Please exuse my overbearing attitude here, I simply can't help myself with this film, and when I woke up this morning and checked various blogsites, and came to Ed's and saw this review, I couldn't contain myself.

Ed Howard said...

It's great to see so much love for this film here, guys. Maybe Sam is right that The Fountain is already on its way to a critical re-evaluation. It certainly deserves it!

And Bob, I agree that the futuristic segment is not necessarily meant to be taken literally -- it might actually be about a much older Tommy floating through space, but it just as easily could be a strictly metaphorical journey, about his process of creativity as he attempts to finish Izzi's novel after her death. I actually prefer the latter interpretation, but I think Aronofsky leaves the relationship between the film's three parallel stories ambiguous on purpose.

Joel Bocko said...

I am kind of amazed by the rabid enthusiasm exhibited here. If nothing else, it's convinced me that the film deserves a second chance. Not that I had planned on never watching it again, but I certainly wasn't chomping at the bit for a re-viewing. Nonetheless, one seems in order.

For what it's worth, though, I'm definitely not opposed to emotional, larger-than-life films (far from it) and am DEFINITELY not enamored of the so-cool-its-cold Matrix/Fincher aesthetic. I just didn't believe in this movie, on first viewing anyway.

Ed Howard said...

Although I loved this film, too, I admit I'm surprised I did get so much agreement here -- I had been under the impression that this film was widely disliked.
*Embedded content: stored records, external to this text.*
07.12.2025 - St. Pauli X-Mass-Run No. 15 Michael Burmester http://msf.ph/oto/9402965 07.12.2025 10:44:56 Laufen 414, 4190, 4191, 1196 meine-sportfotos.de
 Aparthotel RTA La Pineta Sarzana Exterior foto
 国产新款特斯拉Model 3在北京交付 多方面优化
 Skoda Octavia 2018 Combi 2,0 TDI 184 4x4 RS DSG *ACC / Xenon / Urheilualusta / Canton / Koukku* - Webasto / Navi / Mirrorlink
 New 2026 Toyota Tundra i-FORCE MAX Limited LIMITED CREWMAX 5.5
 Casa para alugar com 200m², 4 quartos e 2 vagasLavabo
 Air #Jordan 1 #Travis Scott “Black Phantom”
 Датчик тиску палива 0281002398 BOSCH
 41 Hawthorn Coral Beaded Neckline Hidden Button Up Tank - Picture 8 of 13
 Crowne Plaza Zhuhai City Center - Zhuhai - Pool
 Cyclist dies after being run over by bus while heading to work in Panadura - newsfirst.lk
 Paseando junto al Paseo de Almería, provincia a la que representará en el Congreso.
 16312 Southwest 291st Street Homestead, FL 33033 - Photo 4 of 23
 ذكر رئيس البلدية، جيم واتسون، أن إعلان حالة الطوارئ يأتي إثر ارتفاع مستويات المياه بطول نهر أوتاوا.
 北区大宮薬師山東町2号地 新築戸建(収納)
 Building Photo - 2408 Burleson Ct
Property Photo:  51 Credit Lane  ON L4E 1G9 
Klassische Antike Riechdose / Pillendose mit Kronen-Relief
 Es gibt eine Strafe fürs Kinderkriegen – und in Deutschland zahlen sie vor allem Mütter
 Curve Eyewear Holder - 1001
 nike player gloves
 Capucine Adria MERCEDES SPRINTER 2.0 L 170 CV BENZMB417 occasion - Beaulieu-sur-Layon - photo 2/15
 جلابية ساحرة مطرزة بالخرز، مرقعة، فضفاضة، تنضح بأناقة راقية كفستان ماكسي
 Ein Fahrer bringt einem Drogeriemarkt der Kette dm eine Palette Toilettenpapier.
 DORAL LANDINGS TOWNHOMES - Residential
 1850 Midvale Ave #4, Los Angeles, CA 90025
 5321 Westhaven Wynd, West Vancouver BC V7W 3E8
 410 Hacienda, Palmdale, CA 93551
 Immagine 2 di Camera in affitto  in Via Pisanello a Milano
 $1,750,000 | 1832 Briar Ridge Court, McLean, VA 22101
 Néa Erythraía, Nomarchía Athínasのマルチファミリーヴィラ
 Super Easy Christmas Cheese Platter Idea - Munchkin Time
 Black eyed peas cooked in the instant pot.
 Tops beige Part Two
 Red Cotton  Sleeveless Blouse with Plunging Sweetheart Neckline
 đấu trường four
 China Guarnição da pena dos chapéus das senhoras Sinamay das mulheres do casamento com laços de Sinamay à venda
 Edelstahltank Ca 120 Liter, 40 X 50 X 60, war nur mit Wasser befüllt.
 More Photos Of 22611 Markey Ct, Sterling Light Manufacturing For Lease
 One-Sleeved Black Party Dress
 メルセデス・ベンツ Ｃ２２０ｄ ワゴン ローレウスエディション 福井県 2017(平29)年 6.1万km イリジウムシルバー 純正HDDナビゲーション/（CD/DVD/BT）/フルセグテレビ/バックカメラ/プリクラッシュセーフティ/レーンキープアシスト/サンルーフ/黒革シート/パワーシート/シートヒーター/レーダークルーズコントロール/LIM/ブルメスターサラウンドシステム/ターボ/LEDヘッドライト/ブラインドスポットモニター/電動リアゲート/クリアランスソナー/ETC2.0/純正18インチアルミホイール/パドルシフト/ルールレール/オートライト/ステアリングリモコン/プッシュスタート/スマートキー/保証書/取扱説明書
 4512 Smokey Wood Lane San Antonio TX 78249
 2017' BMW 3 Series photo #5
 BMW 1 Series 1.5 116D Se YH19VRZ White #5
For my part, I seem to love films at both extremes of the cool/emotional spectrum. I love films that are big and messy and wild, with larger-than-life emotional hues (Fassbinder, Lynch, Kusturica, etc.) but at the same time I also really appreciate more chilly, distanced aesthetics, like Fincher or Kubrick.

Dean Treadway said...

A tremendous review for one of the finest, most sadly misunderstood movies ever. I knew that the time would come when THE FOUNTAIN got its critical due, but I must say, I wasn't expecting it to happen soon, so the comments here make me feel good. Again, an excellent overview and evaluation, Ed.

Ed Howard said...

Thanks, Dean. As I said, I was thrilled to see so many supporters come out for this film. Looks like the critical turnaround was surprisingly quick.